There are 2 main types of lymphocytes:
- B lymphocytes (B cells): B cells make proteins called antibodies to help protect the body from germs like for instance bacteria and viruses.
- T lymphocytes (T cells): There are many types of T cells. Some T cells destroy germs or abnormal cells in the body. Other T cells help boost or slow the activity of other immune system cells.
Hodgkin’s lymphoma usually starts in B lymphocytes.
Hodgkin’s lymphoma – definition and most common forms
Hodgkin’s lymphoma is named after the British physician Thomas Hodgkin (1798-1866), who first described the disease in 1832. Around 95 percent of all cases are classic Hodgkin’s lymphoma (cHL). The cancer cells in this form are usually an abnormal type of B lymphocyte and are called Reed-Sternberg cells.
Classic Hodgkin’s lymphoma has 4 subtypes:
- Nodular sclerosis Hodgkin’s lymphoma, which generally begins in the lymph nodes of the neck and chest.
- Mixed-cell Hodgkin’s lymphoma, which is seen mostly in people with HIV infection and most often occurs in the lymph nodes in the upper half of the body.
- Lymphocyte-rich Hodgkin’s lymphoma, which isn’t common. It usually occurs in the upper half of the body and is rarely found in more than a few lymph nodes.
- Lymphocyte-depleted Hodgkin’s lymphoma, which is seen mainly in older people and those with HIV infection. It is more aggressive than other types and is most often in lymph nodes in the abdomen and in the spleen, liver, and bone marrow.
Most affected individuals show an easily palpable and often painless swelling of one or more lymph nodes in the neck, under the arm, or groin. The affected area may become painful after drinking alcohol. It may enlarge over time, or new enlarged lymph nodes may appear nearby or in other parts of the body.
Still, Hodgkin’s lymphoma is not the most common cause of lymph node swelling. Most enlarged lymph nodes, especially in children, are caused by an infection. The affected lymph nodes usually hurt when they’re touched.
Other, so-called B symptoms, include:
- Fever (which can come and go over several weeks) without an infection
- Drenching night sweats
- Weight loss without trying (at least 10% of your body weight over 6 months)
Other possible symptoms of Hodgkin’s lymphoma include:
- Itching skin
- Feeling tired (fatigue)
- Loss of appetite
These symptoms can also have other, more harmless causes than cancer. However, they should always be checked by a doctor. The earlier a tumor is detected, the better the treatment options and chances of recovery.
Hodgkin’s lymphoma risk factors
The risk factors for developing Hodgkin’s lymphoma are still unclear today, and the presence of one or more risk factors does not mean that the disease will actually occur. Many people who develop Hodgkin lymphoma have few or no known risk factors.

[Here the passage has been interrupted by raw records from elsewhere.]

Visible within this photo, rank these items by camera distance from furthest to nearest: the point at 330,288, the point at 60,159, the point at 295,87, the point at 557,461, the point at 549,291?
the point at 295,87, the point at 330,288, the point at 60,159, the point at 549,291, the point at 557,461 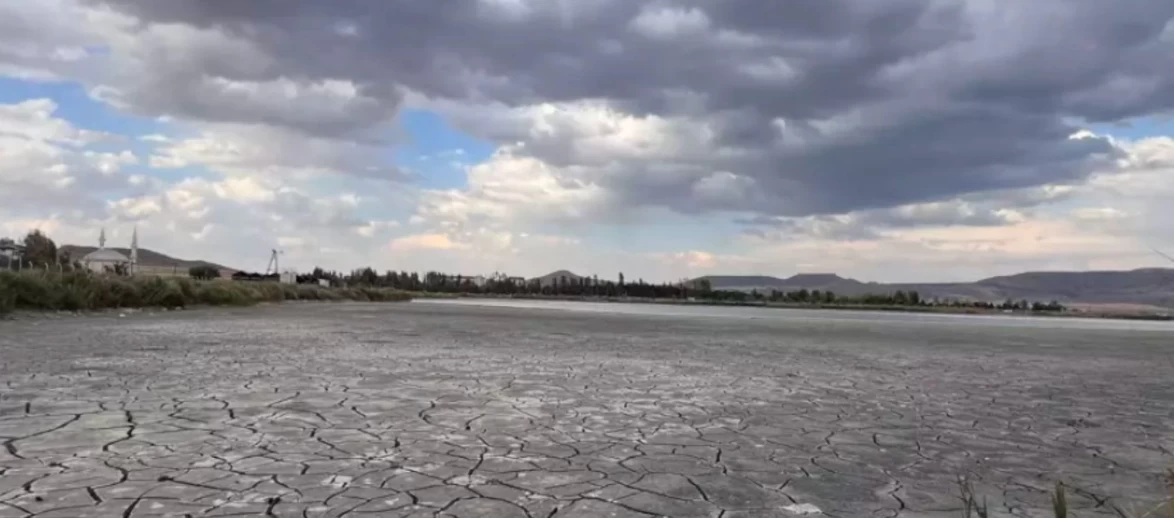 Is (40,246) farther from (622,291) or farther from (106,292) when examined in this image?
(622,291)

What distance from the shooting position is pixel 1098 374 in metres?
9.95

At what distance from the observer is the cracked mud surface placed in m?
3.26

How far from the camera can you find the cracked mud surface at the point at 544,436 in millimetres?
3264

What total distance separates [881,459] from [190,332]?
11895 mm

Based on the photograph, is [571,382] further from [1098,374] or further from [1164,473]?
[1098,374]

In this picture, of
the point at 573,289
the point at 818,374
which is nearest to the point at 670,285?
the point at 573,289

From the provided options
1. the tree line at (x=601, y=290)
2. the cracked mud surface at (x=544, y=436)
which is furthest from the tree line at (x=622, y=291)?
the cracked mud surface at (x=544, y=436)

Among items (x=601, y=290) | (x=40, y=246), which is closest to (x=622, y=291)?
(x=601, y=290)

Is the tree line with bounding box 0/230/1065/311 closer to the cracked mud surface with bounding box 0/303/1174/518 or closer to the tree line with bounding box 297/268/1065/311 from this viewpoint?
the tree line with bounding box 297/268/1065/311

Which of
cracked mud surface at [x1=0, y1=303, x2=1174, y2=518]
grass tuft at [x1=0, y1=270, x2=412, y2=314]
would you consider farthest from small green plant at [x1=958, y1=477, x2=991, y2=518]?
grass tuft at [x1=0, y1=270, x2=412, y2=314]

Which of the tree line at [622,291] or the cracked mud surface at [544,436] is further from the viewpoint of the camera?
the tree line at [622,291]

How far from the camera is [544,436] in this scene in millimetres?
4648

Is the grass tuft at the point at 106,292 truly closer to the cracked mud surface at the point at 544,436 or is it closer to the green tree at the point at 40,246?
the cracked mud surface at the point at 544,436

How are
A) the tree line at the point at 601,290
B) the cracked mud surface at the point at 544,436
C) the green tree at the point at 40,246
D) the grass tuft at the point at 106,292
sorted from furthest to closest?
1. the tree line at the point at 601,290
2. the green tree at the point at 40,246
3. the grass tuft at the point at 106,292
4. the cracked mud surface at the point at 544,436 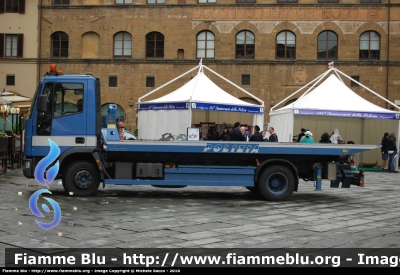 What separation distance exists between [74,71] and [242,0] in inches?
433

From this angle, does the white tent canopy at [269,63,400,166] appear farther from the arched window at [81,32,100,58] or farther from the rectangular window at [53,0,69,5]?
the rectangular window at [53,0,69,5]

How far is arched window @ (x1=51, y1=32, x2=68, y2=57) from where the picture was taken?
39828 mm

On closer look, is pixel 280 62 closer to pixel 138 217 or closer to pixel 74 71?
pixel 74 71

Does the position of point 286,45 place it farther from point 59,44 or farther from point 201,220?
point 201,220

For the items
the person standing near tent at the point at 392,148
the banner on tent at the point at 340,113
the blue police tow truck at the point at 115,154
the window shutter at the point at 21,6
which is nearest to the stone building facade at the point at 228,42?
the window shutter at the point at 21,6

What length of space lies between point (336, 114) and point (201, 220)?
606 inches

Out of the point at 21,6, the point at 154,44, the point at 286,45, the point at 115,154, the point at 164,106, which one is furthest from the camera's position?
the point at 21,6

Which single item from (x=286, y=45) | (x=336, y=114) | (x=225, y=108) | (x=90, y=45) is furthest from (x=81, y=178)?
(x=90, y=45)

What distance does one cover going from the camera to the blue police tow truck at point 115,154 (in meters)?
14.1

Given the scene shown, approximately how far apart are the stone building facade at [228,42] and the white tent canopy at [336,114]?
9712 millimetres

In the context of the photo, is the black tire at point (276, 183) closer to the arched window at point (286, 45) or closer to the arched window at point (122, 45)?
the arched window at point (286, 45)

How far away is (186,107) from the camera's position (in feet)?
79.6

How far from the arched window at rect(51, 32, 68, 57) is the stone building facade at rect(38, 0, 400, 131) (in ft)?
0.20

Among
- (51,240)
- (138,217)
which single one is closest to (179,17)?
(138,217) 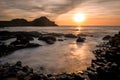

Known risk factors include:
- chronic infection with the Epstein-Barr virus, which causes mononucleosis
- weakened immune system, for example in the case of HIV infection
- familial predisposition
Other possible risk factors are:
- Mononucleosis or infection with the hepatitis B virus.
- Autoimmune diseases, such as rheumatoid arthritis
- Tobacco use.
Prevention of Hodgkin’s lymphoma
Only a few of the risk factors for Hodgkin’s lymphoma can be influenced. Therefore, it is not possible to prevent most cases of the disease at this time.
One risk factor that can be influenced is smoking. Avoiding tobacco can minimize the risk of developing Hodgkin’s lymphoma.
After a Hodgkin’s lymphoma diagnosis, there is a good chance of long-term cure. Chemotherapy with or without radiation therapy is generally used to treat Hodgkin’s lymphoma. Possible options in case of recurrence of the disease or if the therapy does not work are stem cell transplantation, targeted therapy or immunotherapy.